The disgraceful sight of a beautiful creature brought low of course brought nothing but joy to Ramsay. “Welcome home, Lord Stark,” he beamed, so creepily you’d think he was the cab driver I had the other day who offered me a personalised in-home oil massage service, preferably on a yoga mat on the floor, for just $35 or free if I didn’t like it (I actually think the guy was above board, but I did feel like he needed to rethink his pitch).
Osha had promised to keep the littlest Stark safe; but what is safety in this world of upside downs? How was she to know about Ramsay’s ascendance and the new Lord Umber’s more fluid interpretation of loyalty? Rickon’s greatest advantage had been the general assumption he was dead - will any promise he had as an able-bodied heir be able to be fulfilled, or simply snuffed out?
Yay! Best Moments
Jon’s reunions with Tormund and Dolorous Ed were so endearing I just wanted to rush in and give them all a big group hug. Of course, I settled for grabbing a foster kitten instead and was rewarded with a scratch to the arm. Longclaw, indeed.
The way Ed questioned whether Jon was actually Jon because he cracked a funny was enough to make you all gooey inside, but Tormund took the resurrection cake with his wry snap that Jon couldn’t be a god because “I saw your pecker. What kind of god would have a pecker that small?”
Which is disappointing in its own way, but still, it is very chilly up north and Jon was naked on a table, so with a nice fire and some oysters there’s hope for us yet.
Zing! Best Lines
It was purely a filler scene, but gosh Tyrion’s attempt to breathe some liveliness into Missandei and Grey Worm was a delight to watch. Grey Worm thought patrol reports passed muster for conversation, and Missandei hinted at a very dark past when Tyrion suggested games. Oh, and neither of them drink, so the poor little Lannister was left high and dry indeed.

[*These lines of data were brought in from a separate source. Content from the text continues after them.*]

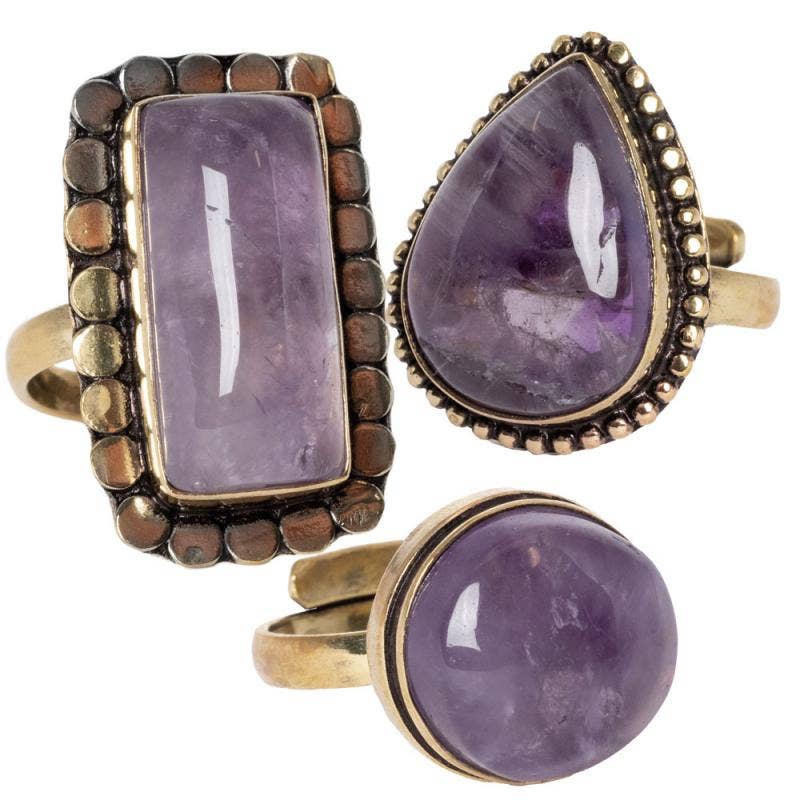 ADJUSTABLE GOLD TONE GEMSTONE RINGS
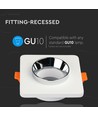GU10 Einbauspot aus Gips - Weiß/Chrom, Ausschnitt: Ø8,0 cm, Maße: Ø10 cm, ohne Leuchtmittel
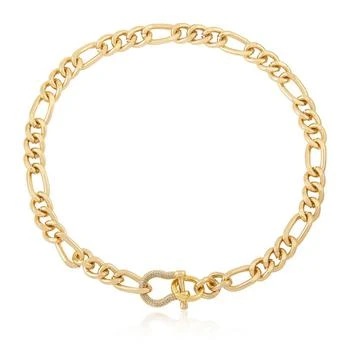 Ettika Jewelry | Cuffed Love 18k Gold Plated Chain Link Necklace ONE SIZE,商家Verishop,价格¥399
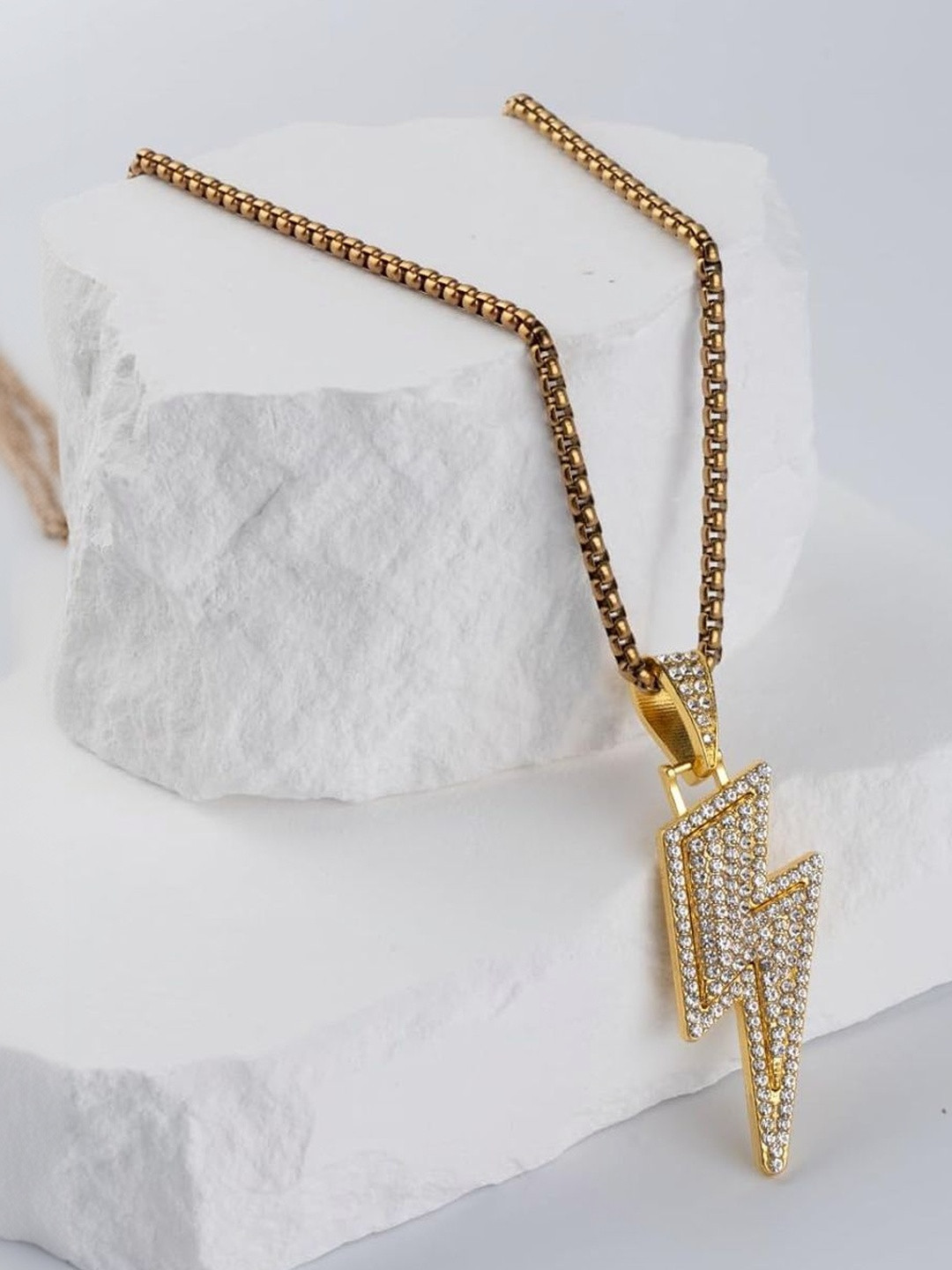 FIMBUL Gold-Plated Cubic Zirconia-Studded Lightning Bolt Pendant With Chain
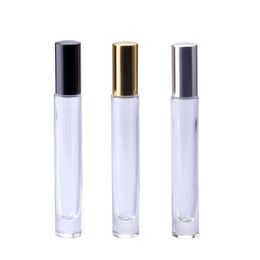 Thick bottom 10ml metal Empty Glass Perfume roller ball Steel ball Bottle Spray Perfume Atomizers Bottles LX1841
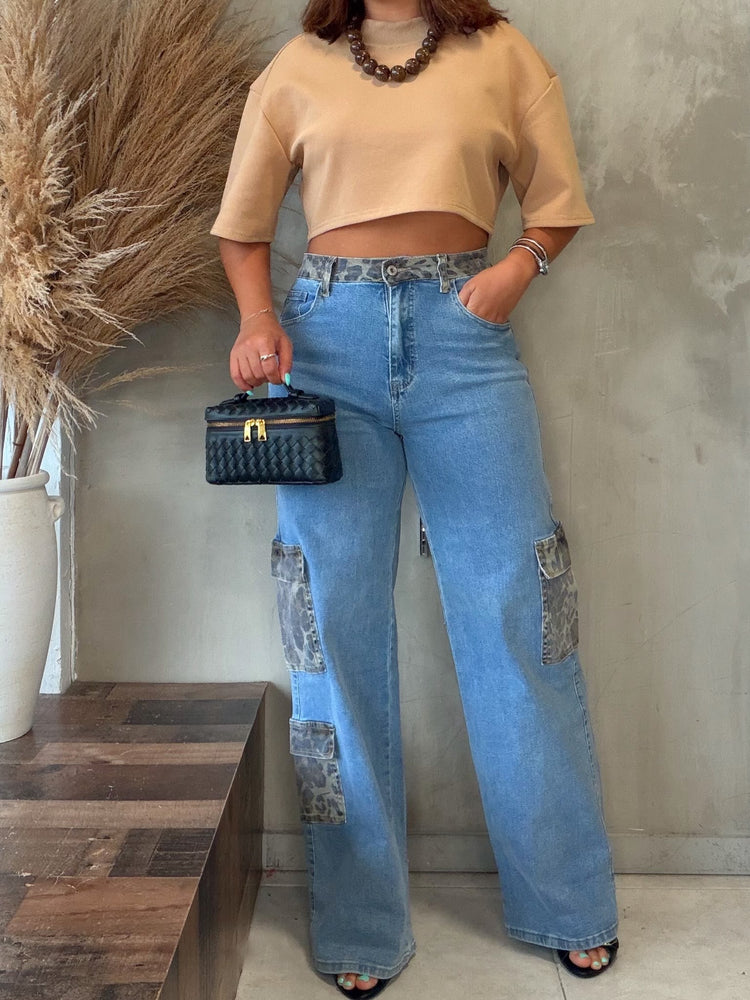 Amelie Leopard Cargo Jean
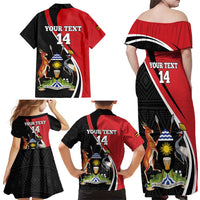 Uganda Rugby Custom Family Matching Off Shoulder Maxi Dress and Hawaiian Shirt Go Cranes - African Pattern - Wonder Print Shop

Tyrion: “A wise man once said the true history of the world is a history of great conversations in elegant rooms.”
Missandei: “Who said this?
Tyrion: “Me, just now.”
Sam Tarly’s vomit. Because of course, if Sam Tarly is at sea, he is going to vomit. Gilly clearly had no problems, despite a fairly limited history of family beach holidays. I loved her fieriness when Sam confessed that he was not taking her with him to Old Town, and that instead she would stay with his mother and sister, who were nice people, unlike his arsehole father. But I also loved that she accepted his explanation that he gave her slightly misleading information only to keep her safe. Anyone else in Game of Thrones, and yeah, I’d tell her to give them a piece of her mind. But we all know Sam not only cannot lie, but he is devoted to Gilly and her baby, and she knows it. So they’ll keep their promises to each other.
My only concern is that the last time Sam tried to keep Gilly safe, she ended up in a brothel that got raided by wildlings and only just escaped being murdered. So let’s hope Sam has utter confidence in his family and they don’t all turn out to be dead, or insane, or just really keen to mess his shit up.
THEY KILLED SHAGGY DOG. THEY WILL PAY.